I have a LinearRegression model which does a moderate job at predicting total applications received for college courses prior to them starting.
I felt the accuracy could be improved by adding PolynomialFeatures as often the rate of applications per day decreases we approach the start date.
My data is processed into array where I am trying to predict '0' value. Here is an example with some fake data. The features are negative numbers that represent days until course starts.
------ ------ ------ ----- ---- ---- ----
| -300 | -299 | -298 | ... | -2 | -1 | 0 |
------ ------ ------ ----- ---- ---- ----
| 5 | 5 | 6 | ... | 45 | 46 | 49 |
| 1 | 2 | 2 | ... | 51 | 51 | 52 |
------ ------ ------ ----- ---- ---- ----
My original code looks like this:
# Define X and y for model training
X = np.array(df.drop(columns='0'))
y = np.array(df['0'])
# Train model with data test train split
x_train, x_test, y_train, y_test = sklearn.model_selection.train_test_split(X, y, test_size = 0.2)
# Invoke linear regression model
linear = linear_model.LinearRegression()
# Fit the model
linear.fit(x_train, y_train)
# Record accuracy score
accuracy = linear.score(x_test, y_test)
Using an online tutorial i have updated my code to look like this.
# Define X and y for model training
X = np.array(df.drop(columns='0'))
y = np.array(df['0'])
poly_reg = PolynomialFeatures(degree=2)
X_poly = poly_reg.fit_transform(X)
poly_reg.fit(X_poly,y)
# Train model with data test train split
x_train, x_test, y_train, y_test = sklearn.model_selection.train_test_split(X_poly, y, test_size = 0.2)

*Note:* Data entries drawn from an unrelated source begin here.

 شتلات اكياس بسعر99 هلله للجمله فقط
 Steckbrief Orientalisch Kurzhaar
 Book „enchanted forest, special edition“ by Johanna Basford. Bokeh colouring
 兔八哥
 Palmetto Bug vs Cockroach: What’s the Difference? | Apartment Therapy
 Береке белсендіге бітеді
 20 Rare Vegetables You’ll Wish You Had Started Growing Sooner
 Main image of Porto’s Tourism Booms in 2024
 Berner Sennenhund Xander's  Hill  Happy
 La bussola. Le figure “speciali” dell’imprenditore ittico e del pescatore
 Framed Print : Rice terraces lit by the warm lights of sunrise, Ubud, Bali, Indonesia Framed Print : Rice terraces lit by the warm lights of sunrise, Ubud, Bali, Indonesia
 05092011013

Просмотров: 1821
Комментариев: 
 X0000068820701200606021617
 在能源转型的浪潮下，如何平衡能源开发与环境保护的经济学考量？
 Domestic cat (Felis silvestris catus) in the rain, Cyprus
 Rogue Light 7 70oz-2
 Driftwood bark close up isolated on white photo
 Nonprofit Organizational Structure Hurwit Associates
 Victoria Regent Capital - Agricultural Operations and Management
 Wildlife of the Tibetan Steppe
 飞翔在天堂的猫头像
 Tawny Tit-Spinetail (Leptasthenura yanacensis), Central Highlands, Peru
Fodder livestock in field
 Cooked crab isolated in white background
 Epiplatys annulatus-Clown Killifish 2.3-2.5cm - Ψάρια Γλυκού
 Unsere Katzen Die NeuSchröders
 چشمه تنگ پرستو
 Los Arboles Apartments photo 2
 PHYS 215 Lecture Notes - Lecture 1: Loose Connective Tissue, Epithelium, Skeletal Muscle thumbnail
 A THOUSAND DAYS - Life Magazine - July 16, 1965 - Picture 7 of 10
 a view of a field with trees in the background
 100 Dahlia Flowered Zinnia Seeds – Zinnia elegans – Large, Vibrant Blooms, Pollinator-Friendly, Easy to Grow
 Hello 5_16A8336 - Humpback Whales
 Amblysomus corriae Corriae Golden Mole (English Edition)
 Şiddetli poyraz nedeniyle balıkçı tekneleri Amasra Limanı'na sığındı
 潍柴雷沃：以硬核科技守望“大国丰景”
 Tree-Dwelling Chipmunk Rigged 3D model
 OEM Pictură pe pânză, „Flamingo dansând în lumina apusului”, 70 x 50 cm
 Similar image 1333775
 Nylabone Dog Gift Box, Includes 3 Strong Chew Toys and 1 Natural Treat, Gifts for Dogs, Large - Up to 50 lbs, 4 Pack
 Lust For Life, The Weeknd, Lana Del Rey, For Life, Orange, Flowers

# Invoke linear regression model
linear = linear_model.LinearRegression()
# Fit the model
linear.fit(x_train, y_train)
# Record accuracy score
accuracy = linear.score(x_test, y_test)
I save the model with pickle, then load it and use predict, X here is the array of the data I am looking to input into the model.
# Convert data to an array
X = np.array(df)
# Calculate prediction
prediction = linear.predict(X)
The issue is I am not sure I am doing this correctly. And whether or not the input data should be passed to .predict in this way.
Any comments would be welcomed.
CodePudding user response:
You cannot simply pass your features X
to the model as they need to be transformed into polynomial features first.
However, by using scikit-learn pipeline
, you can combine the PolynomialFeatures
and LinearRegression
steps. With this solution you will be able to pass directly your features X
to the model.
As follows:
from sklearn.preprocessing import PolynomialFeatures
from sklearn.linear_model import LinearRegression
from sklearn.pipeline import make_pipeline
from sklearn.datasets import make_regression
X, y = make_regression()
model = make_pipeline(PolynomialFeatures(degree=2), LinearRegression())
model.fit(X, y)
model.score(X, y)